Department of Computer Science and Technology, University of Cambridge, Cambridge CB3 0FD, UK.
Department of Engineering Science, University of Oxford, Oxford OX1 3PJ, UK.
Bioinformatics. 2022 Feb 7;38(5):1277-1286. doi: 10.1093/bioinformatics/btab804.

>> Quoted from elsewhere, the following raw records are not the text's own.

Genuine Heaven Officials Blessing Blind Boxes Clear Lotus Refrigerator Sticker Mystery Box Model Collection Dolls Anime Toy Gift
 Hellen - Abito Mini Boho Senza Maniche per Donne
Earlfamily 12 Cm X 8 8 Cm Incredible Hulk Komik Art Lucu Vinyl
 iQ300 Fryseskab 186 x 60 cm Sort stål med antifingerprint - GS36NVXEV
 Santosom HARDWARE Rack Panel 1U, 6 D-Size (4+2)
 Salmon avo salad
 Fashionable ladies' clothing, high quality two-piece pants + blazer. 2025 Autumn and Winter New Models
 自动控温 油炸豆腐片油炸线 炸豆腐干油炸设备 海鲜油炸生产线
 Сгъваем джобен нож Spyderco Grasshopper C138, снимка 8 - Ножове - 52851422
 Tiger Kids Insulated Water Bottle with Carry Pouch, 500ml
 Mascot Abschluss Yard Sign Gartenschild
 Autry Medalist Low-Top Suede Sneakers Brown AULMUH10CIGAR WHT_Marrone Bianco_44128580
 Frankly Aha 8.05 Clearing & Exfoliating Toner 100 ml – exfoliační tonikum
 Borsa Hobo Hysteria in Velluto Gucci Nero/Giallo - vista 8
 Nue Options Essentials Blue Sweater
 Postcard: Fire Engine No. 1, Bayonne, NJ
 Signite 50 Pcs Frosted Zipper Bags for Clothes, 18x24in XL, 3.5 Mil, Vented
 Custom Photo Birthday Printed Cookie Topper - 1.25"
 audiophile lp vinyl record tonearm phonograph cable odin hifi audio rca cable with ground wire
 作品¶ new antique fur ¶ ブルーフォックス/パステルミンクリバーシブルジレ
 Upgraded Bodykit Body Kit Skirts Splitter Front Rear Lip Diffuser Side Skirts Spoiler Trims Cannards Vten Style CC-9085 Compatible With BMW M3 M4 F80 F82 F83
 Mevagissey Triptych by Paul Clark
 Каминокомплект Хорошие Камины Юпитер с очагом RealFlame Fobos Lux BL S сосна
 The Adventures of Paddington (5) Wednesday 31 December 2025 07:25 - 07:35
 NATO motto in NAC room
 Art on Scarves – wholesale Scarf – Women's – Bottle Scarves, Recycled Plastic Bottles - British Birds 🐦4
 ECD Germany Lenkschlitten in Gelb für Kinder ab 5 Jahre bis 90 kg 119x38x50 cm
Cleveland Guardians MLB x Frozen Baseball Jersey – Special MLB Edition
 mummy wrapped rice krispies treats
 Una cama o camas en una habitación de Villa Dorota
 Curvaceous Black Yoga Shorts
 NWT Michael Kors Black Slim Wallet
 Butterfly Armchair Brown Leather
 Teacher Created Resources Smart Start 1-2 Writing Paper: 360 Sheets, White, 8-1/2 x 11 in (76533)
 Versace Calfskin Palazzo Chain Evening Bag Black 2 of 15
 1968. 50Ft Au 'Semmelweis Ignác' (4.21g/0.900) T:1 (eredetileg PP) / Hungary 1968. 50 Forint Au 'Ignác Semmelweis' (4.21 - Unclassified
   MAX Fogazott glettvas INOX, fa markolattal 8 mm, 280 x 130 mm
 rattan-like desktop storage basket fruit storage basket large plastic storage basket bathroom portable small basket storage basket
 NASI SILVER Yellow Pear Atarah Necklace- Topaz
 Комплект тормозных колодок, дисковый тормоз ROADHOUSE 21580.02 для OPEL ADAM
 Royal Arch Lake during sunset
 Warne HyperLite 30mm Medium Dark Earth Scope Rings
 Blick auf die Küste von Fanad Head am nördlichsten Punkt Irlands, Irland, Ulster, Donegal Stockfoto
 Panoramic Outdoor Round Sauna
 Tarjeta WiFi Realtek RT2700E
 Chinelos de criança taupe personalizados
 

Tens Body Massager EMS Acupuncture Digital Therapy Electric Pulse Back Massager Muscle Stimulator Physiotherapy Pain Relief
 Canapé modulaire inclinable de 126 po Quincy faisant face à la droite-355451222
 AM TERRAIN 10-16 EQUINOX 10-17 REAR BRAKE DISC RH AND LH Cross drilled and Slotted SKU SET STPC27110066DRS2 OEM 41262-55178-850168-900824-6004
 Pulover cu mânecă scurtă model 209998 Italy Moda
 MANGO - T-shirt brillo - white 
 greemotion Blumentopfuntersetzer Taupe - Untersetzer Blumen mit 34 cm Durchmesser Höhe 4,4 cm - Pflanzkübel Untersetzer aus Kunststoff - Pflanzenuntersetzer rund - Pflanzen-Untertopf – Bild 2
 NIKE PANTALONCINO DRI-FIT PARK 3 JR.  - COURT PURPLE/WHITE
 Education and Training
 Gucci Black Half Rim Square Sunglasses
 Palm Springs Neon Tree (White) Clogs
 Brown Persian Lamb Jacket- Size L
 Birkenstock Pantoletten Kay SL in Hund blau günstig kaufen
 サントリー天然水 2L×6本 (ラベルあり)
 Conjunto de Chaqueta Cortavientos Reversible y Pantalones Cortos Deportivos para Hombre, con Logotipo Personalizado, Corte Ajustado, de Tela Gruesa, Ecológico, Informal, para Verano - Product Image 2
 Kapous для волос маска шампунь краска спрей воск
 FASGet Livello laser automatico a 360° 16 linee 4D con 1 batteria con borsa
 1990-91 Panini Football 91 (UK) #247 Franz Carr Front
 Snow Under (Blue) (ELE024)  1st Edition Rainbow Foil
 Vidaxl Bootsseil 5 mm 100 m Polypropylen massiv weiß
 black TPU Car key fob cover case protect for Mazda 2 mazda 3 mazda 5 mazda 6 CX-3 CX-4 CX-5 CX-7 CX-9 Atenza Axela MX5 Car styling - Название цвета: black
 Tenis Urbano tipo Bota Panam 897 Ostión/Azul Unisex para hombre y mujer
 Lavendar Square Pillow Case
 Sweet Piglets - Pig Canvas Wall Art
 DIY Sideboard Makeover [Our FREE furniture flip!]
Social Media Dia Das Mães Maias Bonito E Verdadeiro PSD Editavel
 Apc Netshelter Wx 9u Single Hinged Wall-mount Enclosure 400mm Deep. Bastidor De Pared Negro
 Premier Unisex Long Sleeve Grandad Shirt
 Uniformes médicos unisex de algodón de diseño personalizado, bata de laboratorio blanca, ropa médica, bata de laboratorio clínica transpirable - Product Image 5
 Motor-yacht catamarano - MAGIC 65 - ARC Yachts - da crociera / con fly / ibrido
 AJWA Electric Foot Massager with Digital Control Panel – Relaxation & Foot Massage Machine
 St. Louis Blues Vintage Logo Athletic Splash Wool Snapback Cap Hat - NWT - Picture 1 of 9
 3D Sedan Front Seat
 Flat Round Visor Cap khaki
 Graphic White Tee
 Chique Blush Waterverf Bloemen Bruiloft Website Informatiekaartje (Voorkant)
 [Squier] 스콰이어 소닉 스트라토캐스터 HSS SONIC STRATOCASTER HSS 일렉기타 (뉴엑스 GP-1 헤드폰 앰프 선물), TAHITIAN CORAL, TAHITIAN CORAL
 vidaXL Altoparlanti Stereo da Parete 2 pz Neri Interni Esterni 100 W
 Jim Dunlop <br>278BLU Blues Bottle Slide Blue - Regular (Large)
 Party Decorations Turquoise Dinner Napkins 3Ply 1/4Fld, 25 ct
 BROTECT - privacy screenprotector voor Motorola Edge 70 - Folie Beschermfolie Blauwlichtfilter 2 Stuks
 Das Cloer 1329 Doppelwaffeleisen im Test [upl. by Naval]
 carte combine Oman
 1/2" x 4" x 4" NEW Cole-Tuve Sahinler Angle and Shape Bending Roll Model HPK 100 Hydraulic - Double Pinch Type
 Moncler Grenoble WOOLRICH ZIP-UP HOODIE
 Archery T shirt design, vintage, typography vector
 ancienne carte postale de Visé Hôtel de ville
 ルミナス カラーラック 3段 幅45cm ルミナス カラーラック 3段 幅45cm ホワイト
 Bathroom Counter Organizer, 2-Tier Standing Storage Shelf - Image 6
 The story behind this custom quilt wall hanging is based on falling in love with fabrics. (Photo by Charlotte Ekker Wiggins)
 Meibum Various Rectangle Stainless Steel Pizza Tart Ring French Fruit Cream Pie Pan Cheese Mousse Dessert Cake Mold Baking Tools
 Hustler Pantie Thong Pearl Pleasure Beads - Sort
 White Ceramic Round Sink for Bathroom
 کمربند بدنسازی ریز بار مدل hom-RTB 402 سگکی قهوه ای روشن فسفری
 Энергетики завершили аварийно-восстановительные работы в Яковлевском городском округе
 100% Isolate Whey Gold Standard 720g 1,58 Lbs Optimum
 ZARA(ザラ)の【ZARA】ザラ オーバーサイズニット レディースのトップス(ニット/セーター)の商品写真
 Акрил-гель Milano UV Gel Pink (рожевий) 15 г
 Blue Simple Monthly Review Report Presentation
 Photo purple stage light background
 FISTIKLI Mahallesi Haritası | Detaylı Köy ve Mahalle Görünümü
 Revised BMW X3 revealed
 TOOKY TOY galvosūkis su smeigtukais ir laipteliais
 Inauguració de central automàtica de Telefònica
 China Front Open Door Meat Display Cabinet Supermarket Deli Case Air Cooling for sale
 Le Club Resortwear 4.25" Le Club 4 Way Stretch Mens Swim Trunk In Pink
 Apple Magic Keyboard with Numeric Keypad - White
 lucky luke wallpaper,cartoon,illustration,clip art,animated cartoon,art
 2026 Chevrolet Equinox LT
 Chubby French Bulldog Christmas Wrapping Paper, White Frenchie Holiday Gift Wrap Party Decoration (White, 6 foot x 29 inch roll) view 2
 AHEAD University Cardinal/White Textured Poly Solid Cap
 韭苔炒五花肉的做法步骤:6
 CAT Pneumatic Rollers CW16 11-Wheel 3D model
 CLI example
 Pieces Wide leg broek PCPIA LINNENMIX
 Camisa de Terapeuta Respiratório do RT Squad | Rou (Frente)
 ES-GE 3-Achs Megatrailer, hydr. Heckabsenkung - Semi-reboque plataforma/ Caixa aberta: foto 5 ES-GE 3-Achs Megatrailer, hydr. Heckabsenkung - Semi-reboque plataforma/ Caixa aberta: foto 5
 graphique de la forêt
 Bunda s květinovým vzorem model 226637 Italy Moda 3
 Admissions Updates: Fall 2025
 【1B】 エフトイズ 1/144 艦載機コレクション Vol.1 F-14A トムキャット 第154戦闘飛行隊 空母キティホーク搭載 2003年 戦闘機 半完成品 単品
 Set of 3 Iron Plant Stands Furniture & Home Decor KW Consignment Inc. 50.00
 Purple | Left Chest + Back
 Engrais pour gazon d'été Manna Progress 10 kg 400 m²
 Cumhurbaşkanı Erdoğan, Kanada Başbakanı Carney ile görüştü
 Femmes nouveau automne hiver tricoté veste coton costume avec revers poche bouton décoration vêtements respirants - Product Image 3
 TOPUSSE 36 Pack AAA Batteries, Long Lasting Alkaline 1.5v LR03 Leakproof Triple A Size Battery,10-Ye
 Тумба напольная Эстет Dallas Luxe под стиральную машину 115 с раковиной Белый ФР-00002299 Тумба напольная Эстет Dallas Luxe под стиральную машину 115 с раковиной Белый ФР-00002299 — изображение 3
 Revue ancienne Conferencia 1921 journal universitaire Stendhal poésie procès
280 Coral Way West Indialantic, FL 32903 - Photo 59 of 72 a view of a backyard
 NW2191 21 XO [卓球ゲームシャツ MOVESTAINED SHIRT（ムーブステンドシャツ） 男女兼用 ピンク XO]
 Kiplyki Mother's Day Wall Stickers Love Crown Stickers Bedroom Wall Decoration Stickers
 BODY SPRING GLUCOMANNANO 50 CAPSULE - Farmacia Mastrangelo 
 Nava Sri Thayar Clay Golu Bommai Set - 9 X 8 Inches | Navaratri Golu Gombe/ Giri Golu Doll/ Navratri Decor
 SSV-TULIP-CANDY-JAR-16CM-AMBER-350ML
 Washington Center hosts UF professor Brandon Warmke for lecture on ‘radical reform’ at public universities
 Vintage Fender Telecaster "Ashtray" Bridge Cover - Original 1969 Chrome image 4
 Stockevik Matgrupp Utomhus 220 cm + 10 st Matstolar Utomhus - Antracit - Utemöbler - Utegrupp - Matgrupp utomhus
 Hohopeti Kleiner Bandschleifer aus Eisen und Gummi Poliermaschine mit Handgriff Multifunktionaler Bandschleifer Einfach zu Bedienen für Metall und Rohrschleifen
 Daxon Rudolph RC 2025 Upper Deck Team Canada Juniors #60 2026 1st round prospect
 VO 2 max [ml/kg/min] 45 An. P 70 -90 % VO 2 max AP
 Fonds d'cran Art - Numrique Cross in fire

Single-cell RNA sequencing allows high-resolution views of individual cells for libraries of up to millions of samples, thus motivating the use of deep learning for analysis. In this study, we introduce the use of graph neural networks for the unsupervised exploration of scRNA-seq data by developing a variational graph autoencoder architecture with graph attention layers that operates directly on the connectivity between cells, focusing on dimensionality reduction and clustering. With the help of several case studies, we show that our model, named CellVGAE, can be effectively used for exploratory analysis even on challenging datasets, by extracting meaningful features from the data and providing the means to visualize and interpret different aspects of the model.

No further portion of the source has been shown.